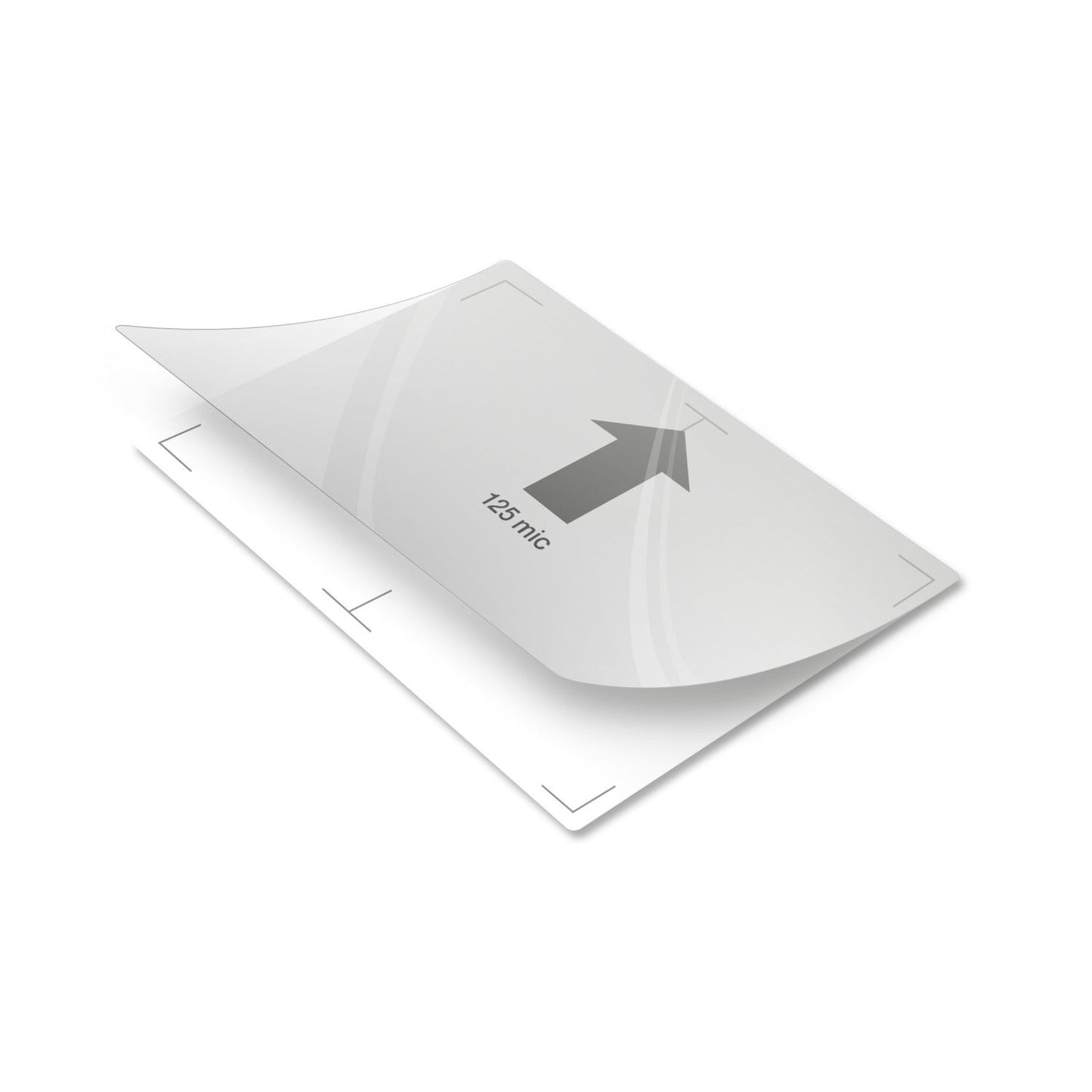GBC - HighSpeed Lamineerhoezen A4 2x80 micron Glanzend (100)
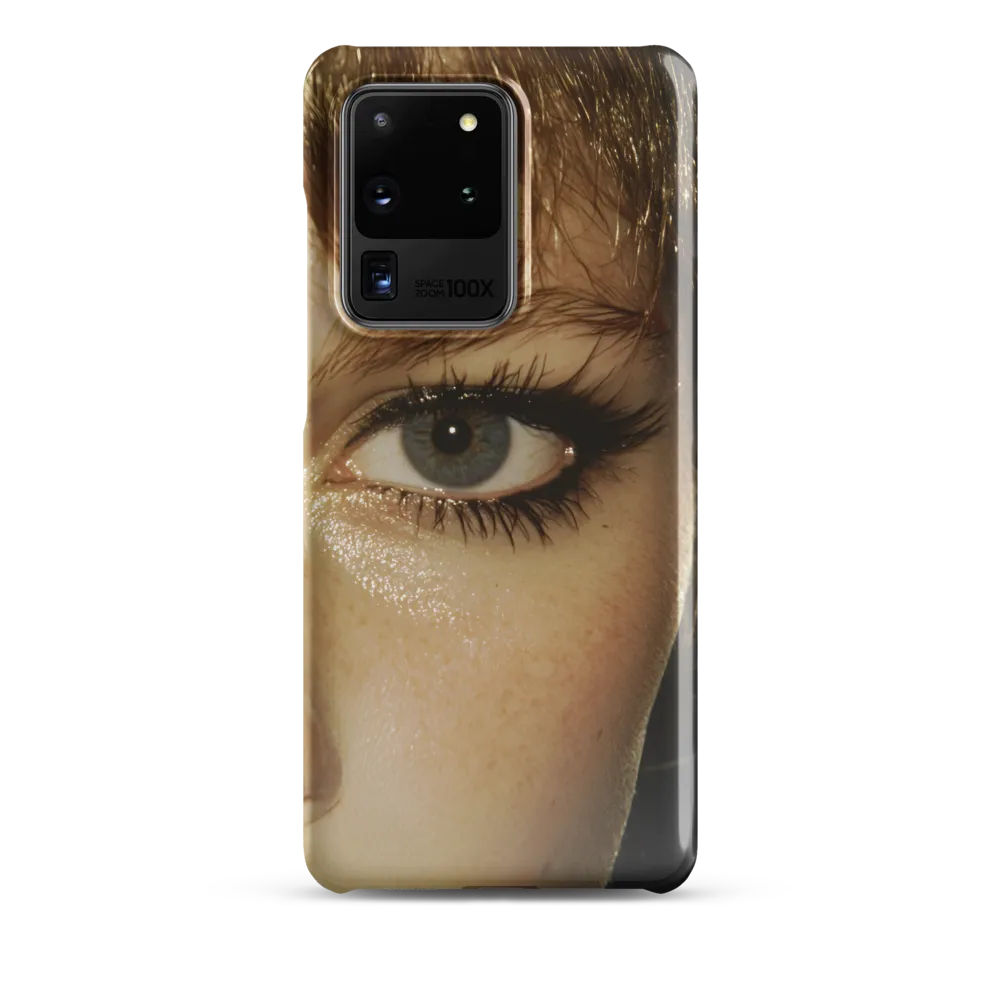 Gaze of Allure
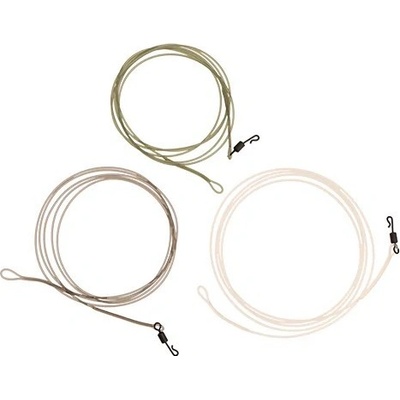 Gardner Rychle potápivý návazce Covert Fused Loop Leaders 1m Clear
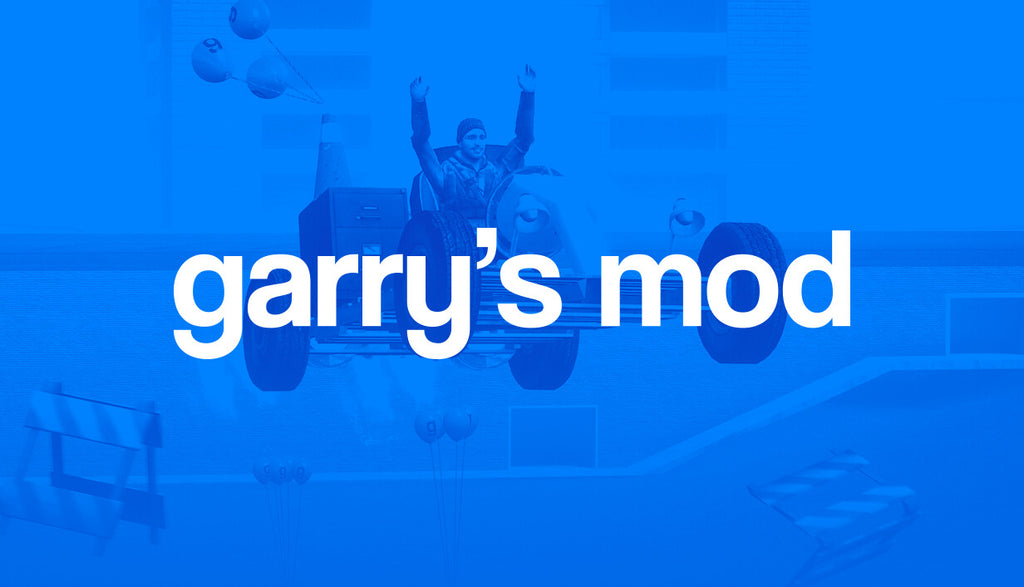Garry's Mod - PC (Steam)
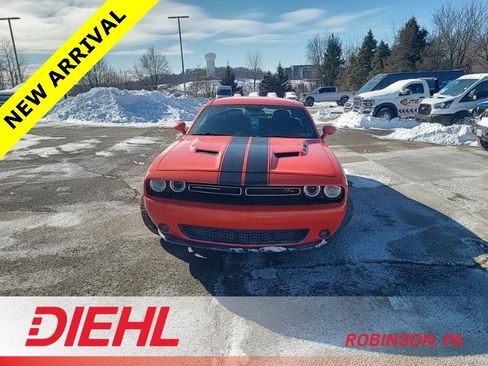 Certified 2018 Dodge Challenger R/T w/ Sound Group image 2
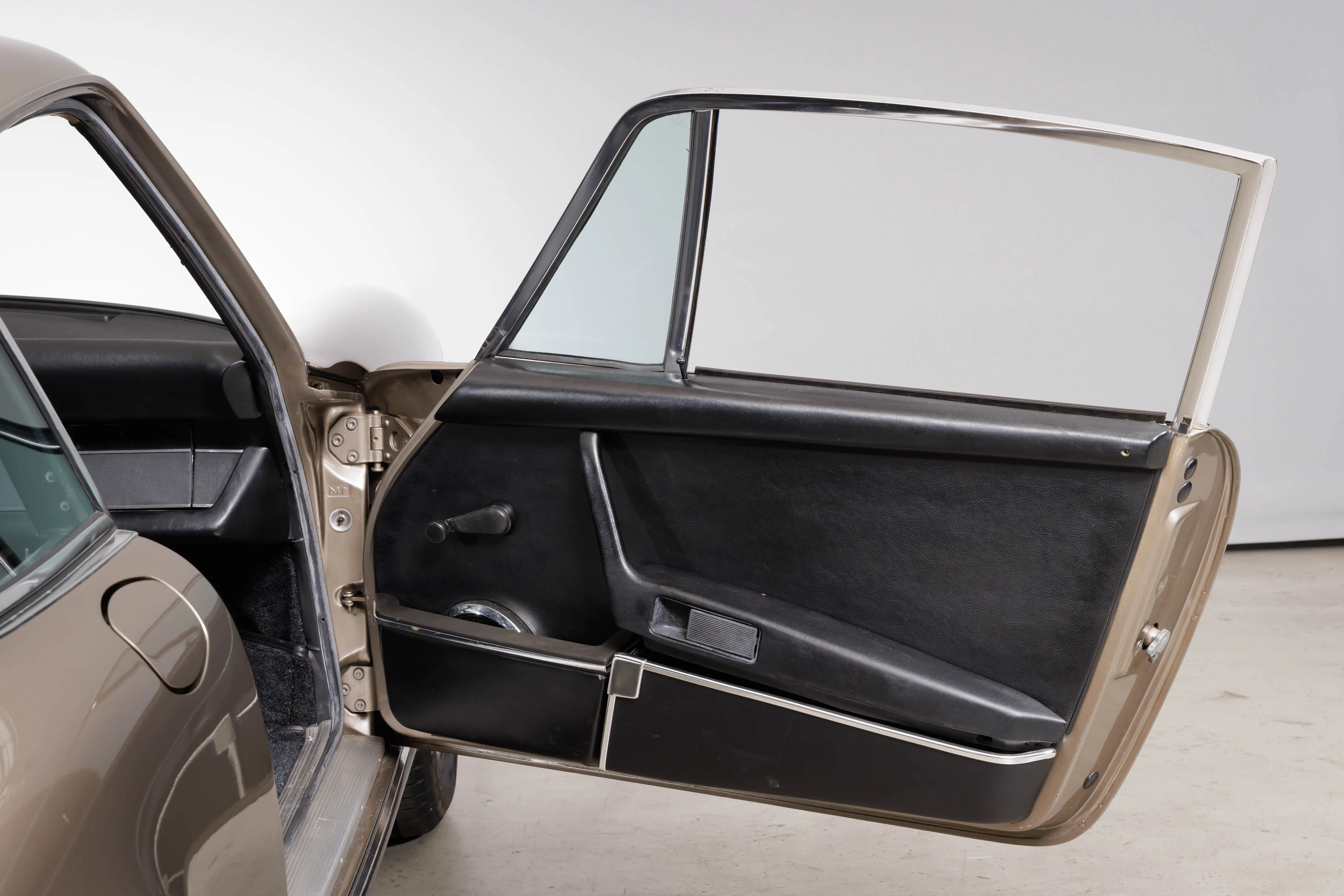 1972 Porsche 911 T 2.4 Ölklappe, 16/16
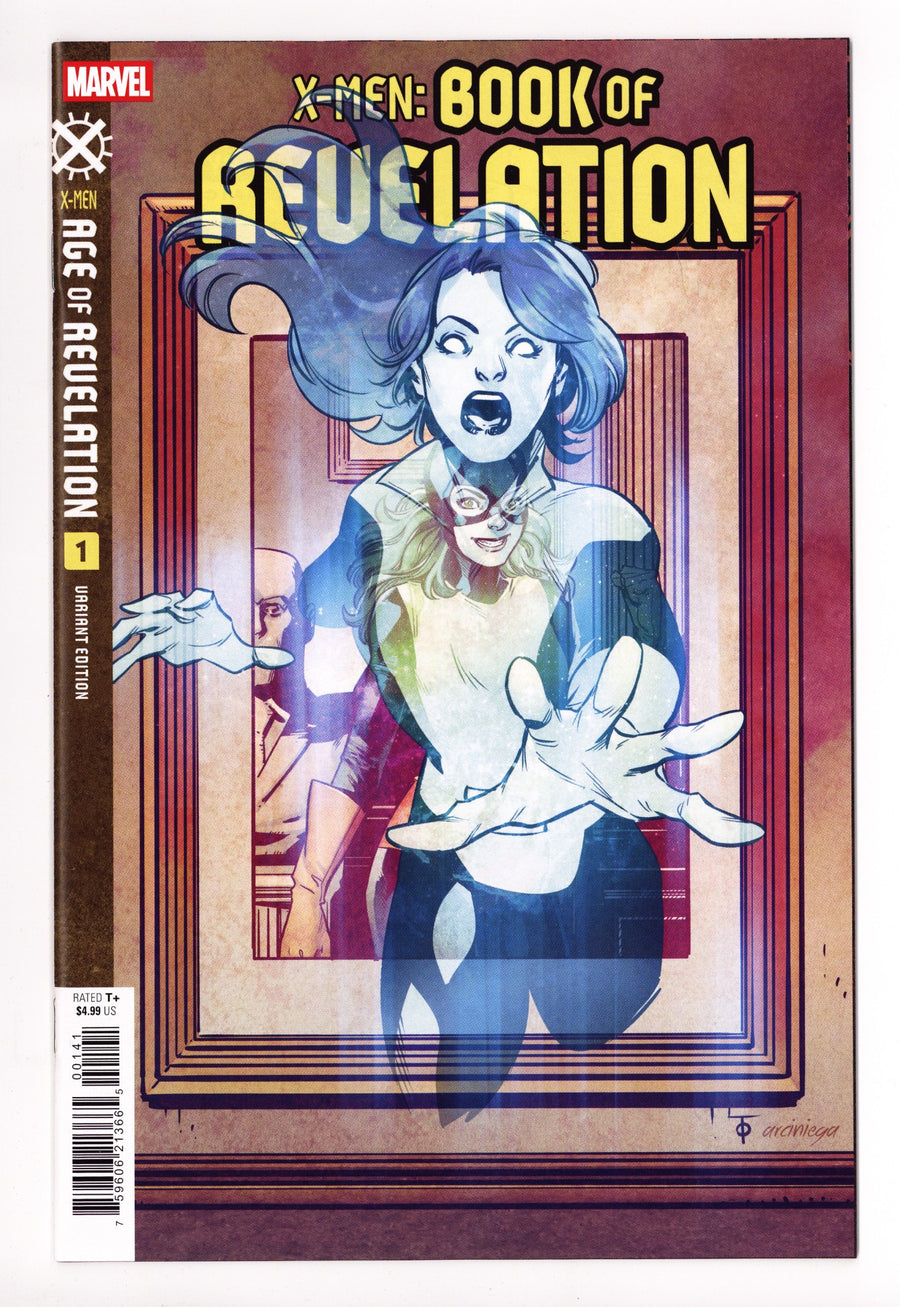 X-Men: Book Of Revelation 1 To Variant (2025)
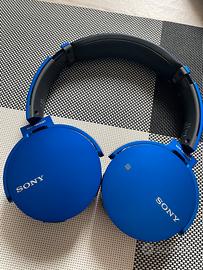 Cuffie bluetooth SONY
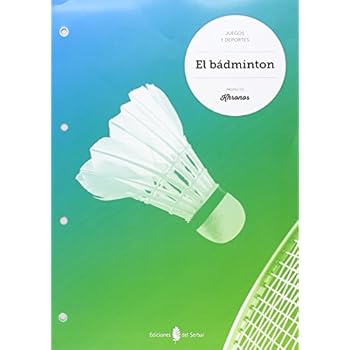 El bádminton - 9788476287941 El bádminton - 9788476287941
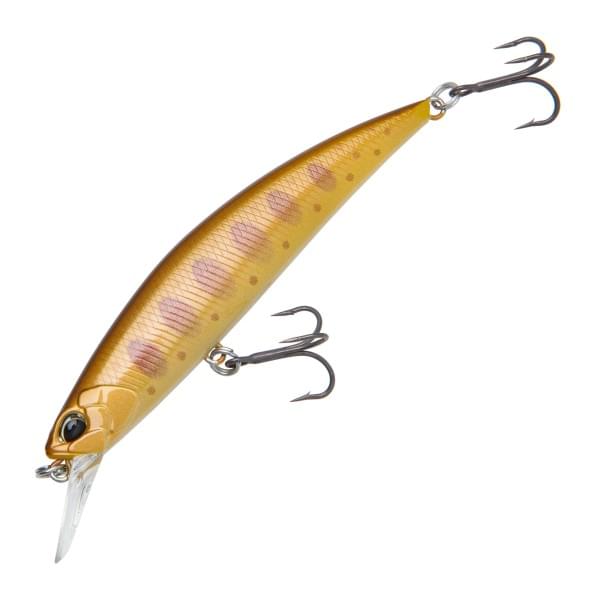 Воблер DUO SPEARHEAD RYUKI 80S : Brown Sugar (ACCZ153)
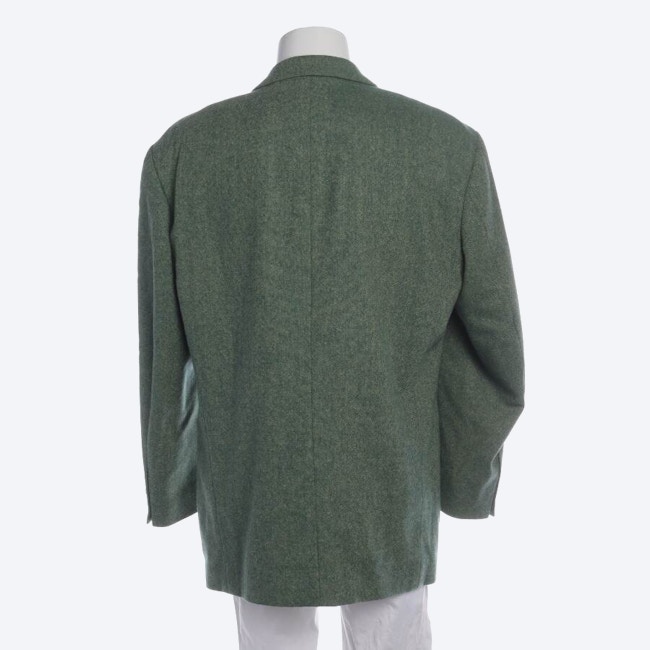 Image 2 of Wool Blazer 52 Green in color Green | Vite EnVogue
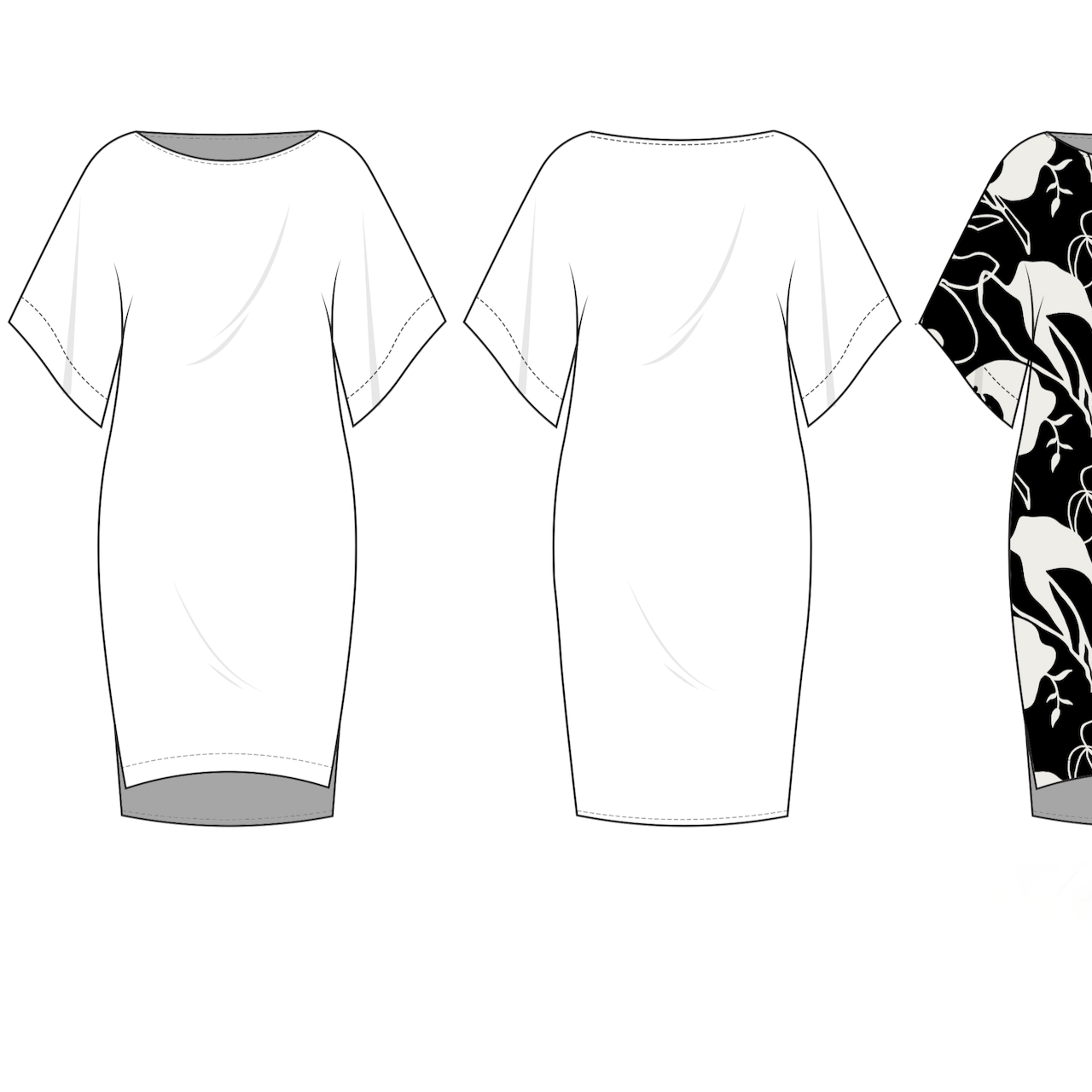 6107 Dress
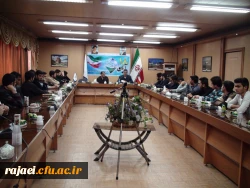 نشست علمی راهکارهای اعتلای کیفیت آموزش دردانشگاه فرهنگیان درپردیس شهیدرجایی ارومیه  2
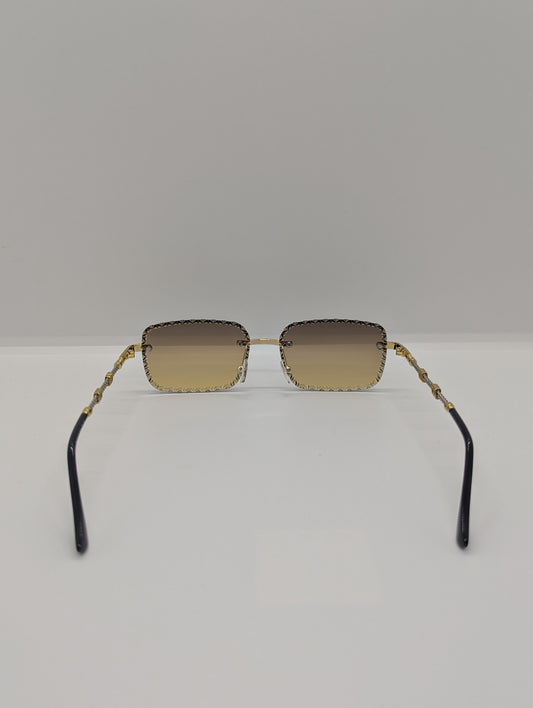 Diamond Chain Bronwn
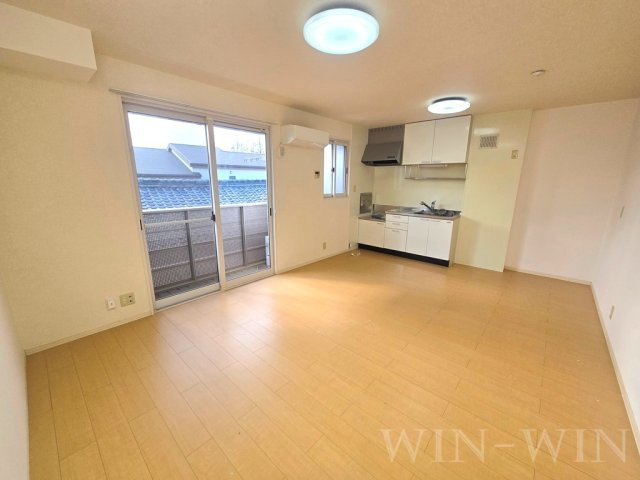 バイオ21 15-17の居間・リビング|イメージ（同建物内別部屋の写真です）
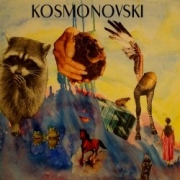 Review: Kosmonovski - Augen zu und Furcht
————
The copy should begin at the line containing "نشست علمی راهکارهای" and end at the last line of the data above; please restate those lines word for word without the pictures.

 نشست علمی راهکارهای اعتلای کیفیت آموزش دردانشگاه فرهنگیان درپردیس شهیدرجایی ارومیه  2
 Diamond Chain Bronwn
 バイオ21 15-17の居間・リビング|イメージ（同建物内別部屋の写真です）
 Review: Kosmonovski - Augen zu und Furcht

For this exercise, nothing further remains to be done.